Trevor Dobbs, Staff Writer
Secretary of State Mike Pompeo has signaled that the United States Treasury Department will soon discontinue its sanction exemptions for Turkey, China, India and others as a part of the Trump Administration’s increasingly tough stance on Iranian sanctions.
Until recently, the Trump administration has allowed for a select number of countries to obtain exemptions from these sanctions with the assumption that they would eventually phase off their trading with Iran. The idea of this strategy is to put “maximum pressure” on the Iranian regime in the same way that is currently being done in North Korea. While the endgame goal of the administration is still unclear to some extent, the stated goal seems to be to get Iran to disarm its nuclear capabilities. Throughout his campaign, Trump has been an extremely vocal critic of the Iran Nuke Deal championed by President Barack Obama and has repeatedly called such a deal “one of the worst in history.” The reactions received from the countries that lost their exemptions are exactly what many would think that it would be: an increasing amount of tension between the United States and everyone that had business undertakings as well as trade relationships with Iran.
The United States has a unique position not only as a strategic military power but also as a global economic power, and Trump has used this power to his advantage in gaining the foreign policy he desires. Being the world’s largest economy, having the most powerful military, being in a strong position with the global SWIFT system and having the most used reserve currency has positioned the United States in such a way that they are able to act unilaterally in such matters and to ultimately “get their way” when initiating sanctions around the world.
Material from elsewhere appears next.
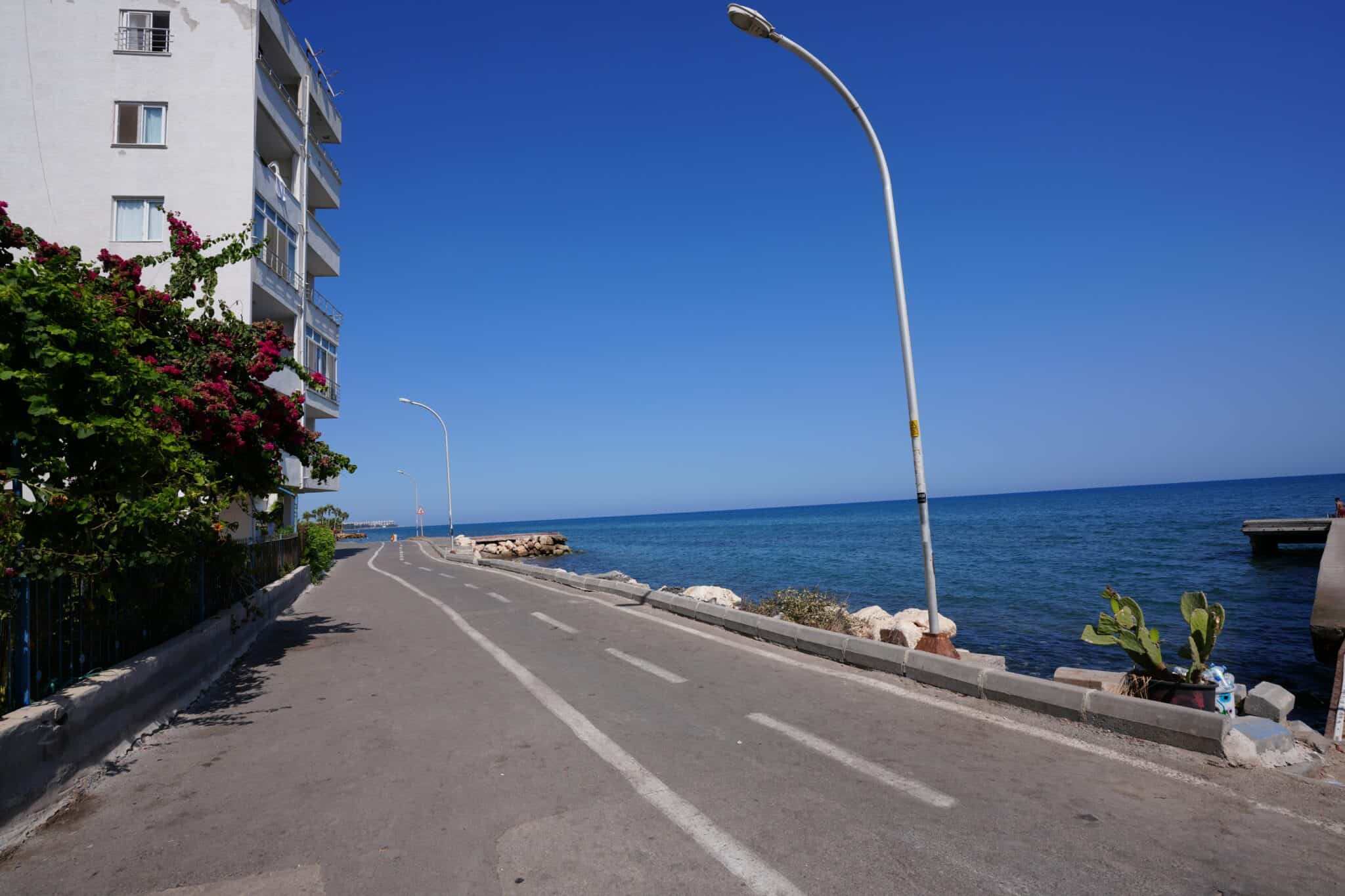 Mersin Erdemli Tömük Güneykent Sitesi Denize Sıfır  Satılık 2+1 Dubleks Daire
In short, because almost all oil is traded in USD and because Trump is threatening countries that do not comply with the sanctions with loss of access to the U.S. market, firms across the world are complying with the policy direction of the Trump administration, despite what their countries leadership is signaling them to do.
Last year, the European Union thought that they might be able to bypass these exemptions by insisting that Iran trade its oil in euros as opposed to American Dollars. The U.S. has the most used currency in the world, and this status gives the United States its position as a global leader; threatening to bypass this system by using a different currency is much more serious than it actually sounds. If another currency were to be traded for oil in Iran, this could theoretically cause a domino effect to many other countries, although it is unclear what stance Saudi Arabia and other allied Gulf states would take. Of course, had this happened, this would have increased diplomatic and economic tensions between the United States and many other countries if this plan proceeded. The United States losing large shares of the global currency market via the dumping of dollars for euros could dramatically strengthen the euro and weaken the dollar, causing major inflationary concerns in the United States market as well as putting into question the U.S. bond market and thus the deficits that the United States spends on its social programs and military programs that ensure NATO’s continuity.
Overall, the situation seems to be getting very serious in domestic markets and international markets alike. Iran is a major supplier of oil, and suddenly cutting off a large amount of oil supply from global hegemons such as China and India have the potential to trigger those countries to stockpile huge amounts of oil. The overall effect that this may have is a huge rise in oil prices this summer; with inverted yield curves and an increasingly rising amount of public as well as private debt. The fate of the U.S. and international consumers is definitely going to be in question in the months ahead.